[Start of section]

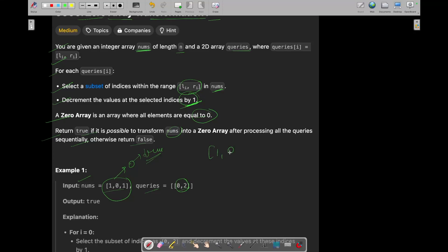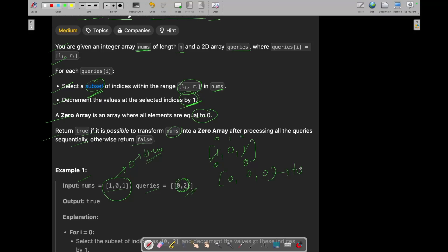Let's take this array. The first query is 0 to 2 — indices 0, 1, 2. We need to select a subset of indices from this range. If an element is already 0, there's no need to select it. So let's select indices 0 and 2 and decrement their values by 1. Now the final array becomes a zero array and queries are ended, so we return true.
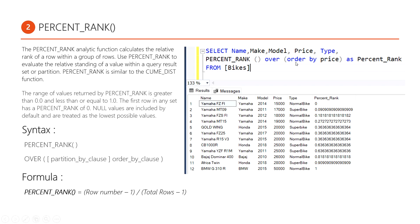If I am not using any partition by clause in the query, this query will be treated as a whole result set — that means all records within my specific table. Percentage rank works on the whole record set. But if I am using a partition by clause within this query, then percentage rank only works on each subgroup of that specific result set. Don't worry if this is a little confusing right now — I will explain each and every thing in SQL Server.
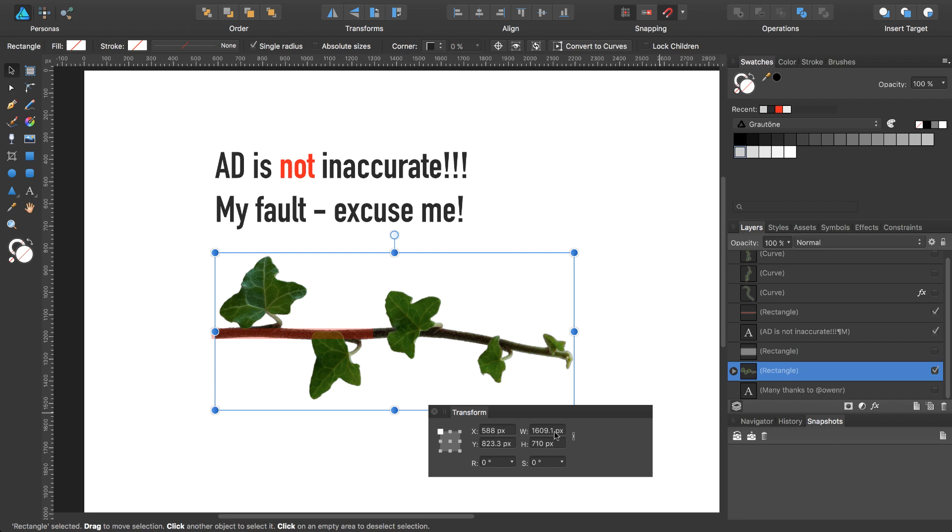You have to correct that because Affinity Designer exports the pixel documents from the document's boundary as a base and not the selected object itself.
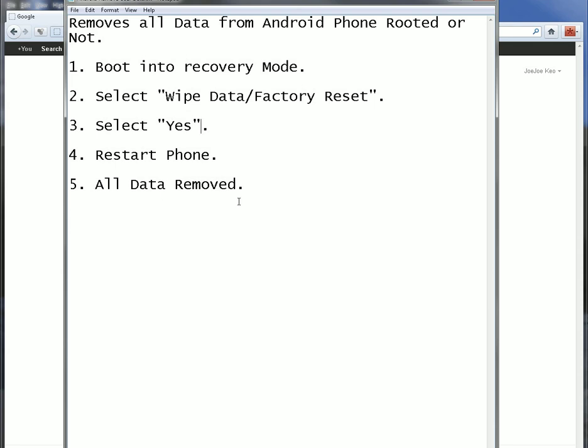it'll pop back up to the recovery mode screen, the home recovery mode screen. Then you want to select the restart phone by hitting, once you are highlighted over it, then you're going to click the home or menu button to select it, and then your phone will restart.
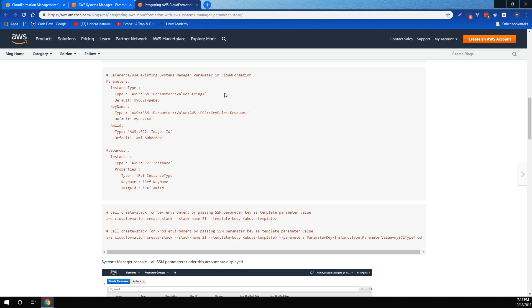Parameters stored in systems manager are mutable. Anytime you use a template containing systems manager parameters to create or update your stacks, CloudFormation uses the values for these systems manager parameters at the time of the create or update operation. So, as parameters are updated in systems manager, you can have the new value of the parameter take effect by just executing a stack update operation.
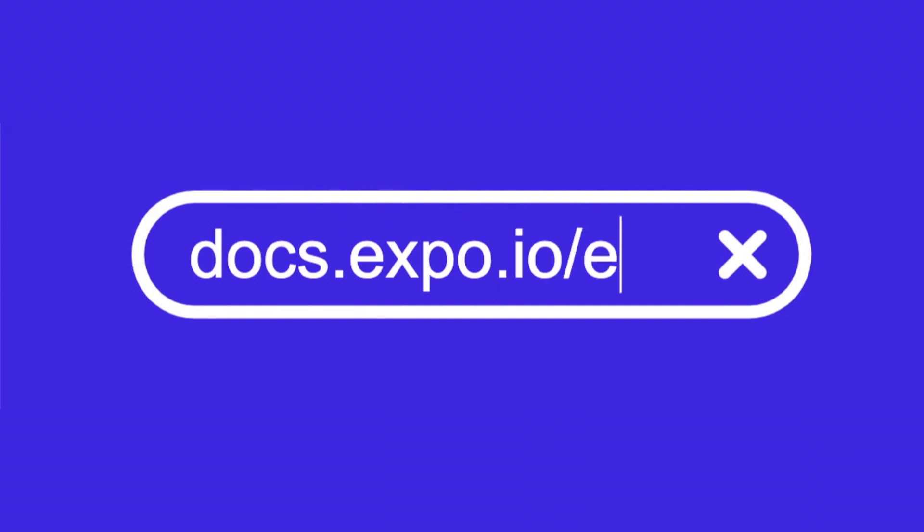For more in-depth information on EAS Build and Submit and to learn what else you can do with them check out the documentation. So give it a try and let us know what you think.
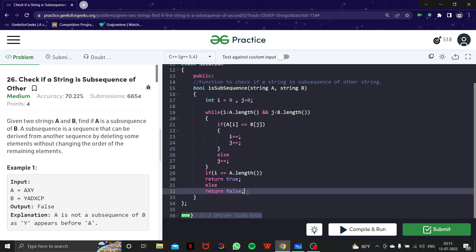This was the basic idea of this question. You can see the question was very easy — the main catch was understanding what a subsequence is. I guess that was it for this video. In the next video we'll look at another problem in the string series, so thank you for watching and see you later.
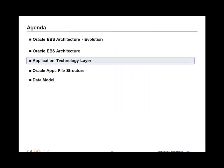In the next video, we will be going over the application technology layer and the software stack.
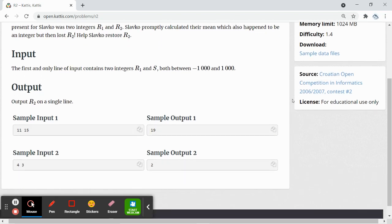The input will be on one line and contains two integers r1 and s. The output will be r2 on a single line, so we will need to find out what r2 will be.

[End of section]

**Assignment:** Exactly as written, restate the listing above with its pictures omitted.

**Expected output:**
Let's take this array. The first query is 0 to 2 — indices 0, 1, 2. We need to select a subset of indices from this range. If an element is already 0, there's no need to select it. So let's select indices 0 and 2 and decrement their values by 1. Now the final array becomes a zero array and queries are ended, so we return true.
If I am not using any partition by clause in the query, this query will be treated as a whole result set — that means all records within my specific table. Percentage rank works on the whole record set. But if I am using a partition by clause within this query, then percentage rank only works on each subgroup of that specific result set. Don't worry if this is a little confusing right now — I will explain each and every thing in SQL Server.
You have to correct that because Affinity Designer exports the pixel documents from the document's boundary as a base and not the selected object itself.
it'll pop back up to the recovery mode screen, the home recovery mode screen. Then you want to select the restart phone by hitting, once you are highlighted over it, then you're going to click the home or menu button to select it, and then your phone will restart.
Parameters stored in systems manager are mutable. Anytime you use a template containing systems manager parameters to create or update your stacks, CloudFormation uses the values for these systems manager parameters at the time of the create or update operation. So, as parameters are updated in systems manager, you can have the new value of the parameter take effect by just executing a stack update operation.
For more in-depth information on EAS Build and Submit and to learn what else you can do with them check out the documentation. So give it a try and let us know what you think.
This was the basic idea of this question. You can see the question was very easy — the main catch was understanding what a subsequence is. I guess that was it for this video. In the next video we'll look at another problem in the string series, so thank you for watching and see you later.
In the next video, we will be going over the application technology layer and the software stack.
The input will be on one line and contains two integers r1 and s. The output will be r2 on a single line, so we will need to find out what r2 will be.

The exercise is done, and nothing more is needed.